When property values rise, low-quality housing “filters up” to the high-quality housing sub-market.  The reason is that rising rents encourage landlords to invest more in the property.  When property values fall, high-quality housing “filters down” to the low-quality housing sub-market.  The reason is that falling rents encourage landlords to invest less in property.  The key in either case is that old housing costs more to maintain than new housing.

He continues:

Every landlord with an old property confronts the same decision:  Should I spend the money to keep the property in top shape, or should I let it go?

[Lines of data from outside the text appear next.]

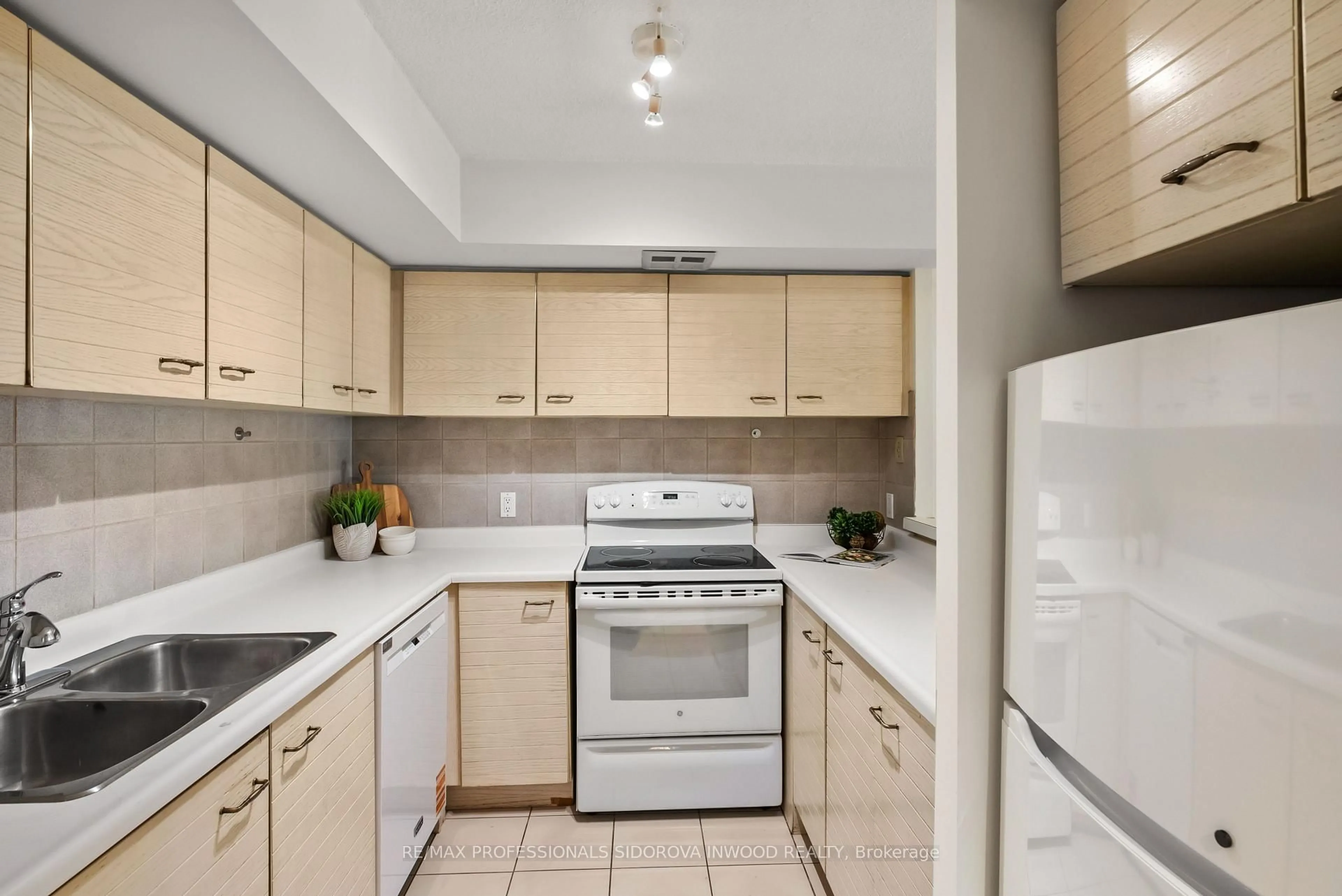 Standard kitchen, unknown for 25 The Esplanade #502, Toronto Ontario M5E 1W5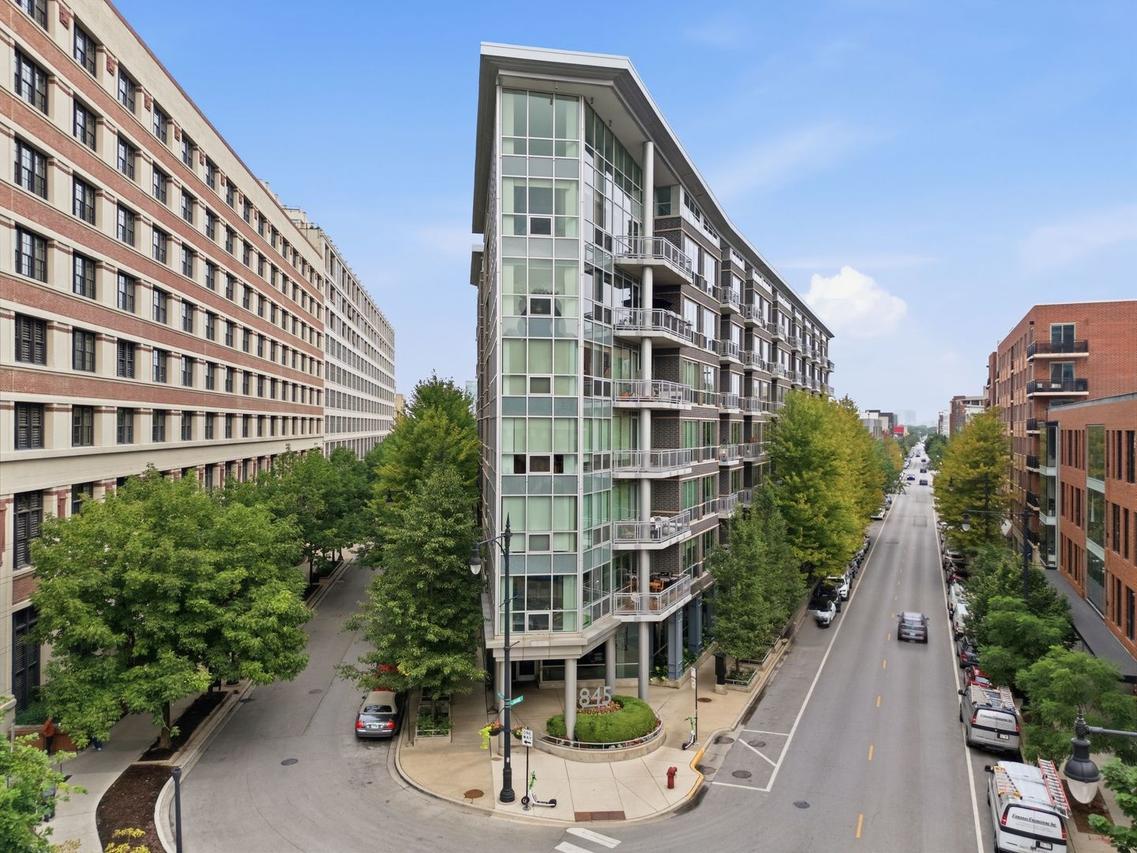 845 N Kingsbury St. #208, Chicago, IL 60610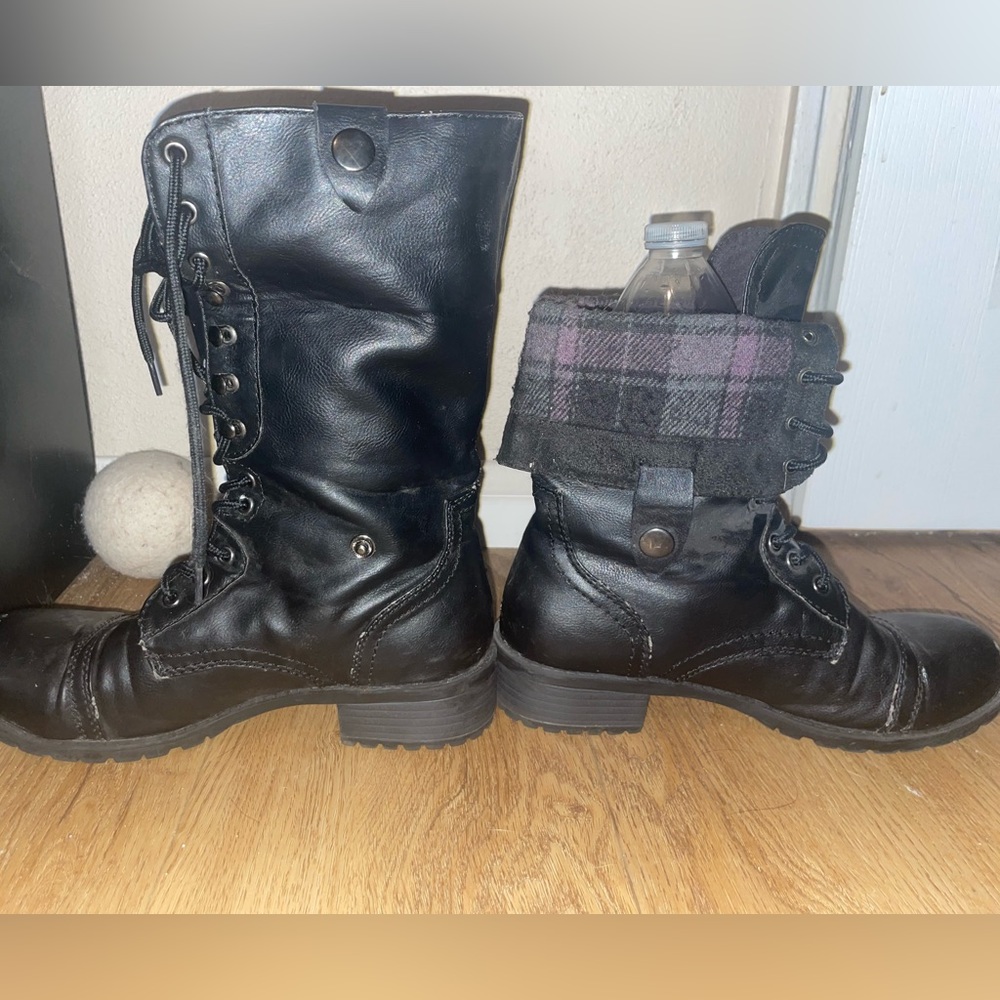 Black Lace-Up Boots - CAN WEAR 2 WAYS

Keeping the property in top shape allows the landlord to charge more rent.  But it also costs the landlord more in maintenance and periodic renovation, especially for old apartments.  What the landlord decides to do depends on the current market, his estimate of future demand, and about a million other things.  But we know one thing for sure:  A landlord is less likely to maintain an apartment in tip-top shape when the rent for tip-top apartments is falling.  Declining rents mean a declining return on the maintenance investment.  That spells less investment .

Without constant maintenance, apartments deteriorate from “tip top” to “slightly dilapidated.”  Renters, sensible people that they are, are not willing to pay as much for bad quality.  Rents fall, and the apartments “filter down” into the pool of affordable housing.

Filtering Moves Units From One Housing Submarket to Another

In another one of Bradford’s posts on filtering, he goes on:

People understand that a tight housing market leads landlords to raise rents. What they often don’t seem to understand is that a tight housing market also causes some landlords to invest more money in their properties in order move them into a more expensive submarket. That’s how a shortage of units in the $1,200/month submarket (for example) can hurt someone shopping in the $800/month submarket.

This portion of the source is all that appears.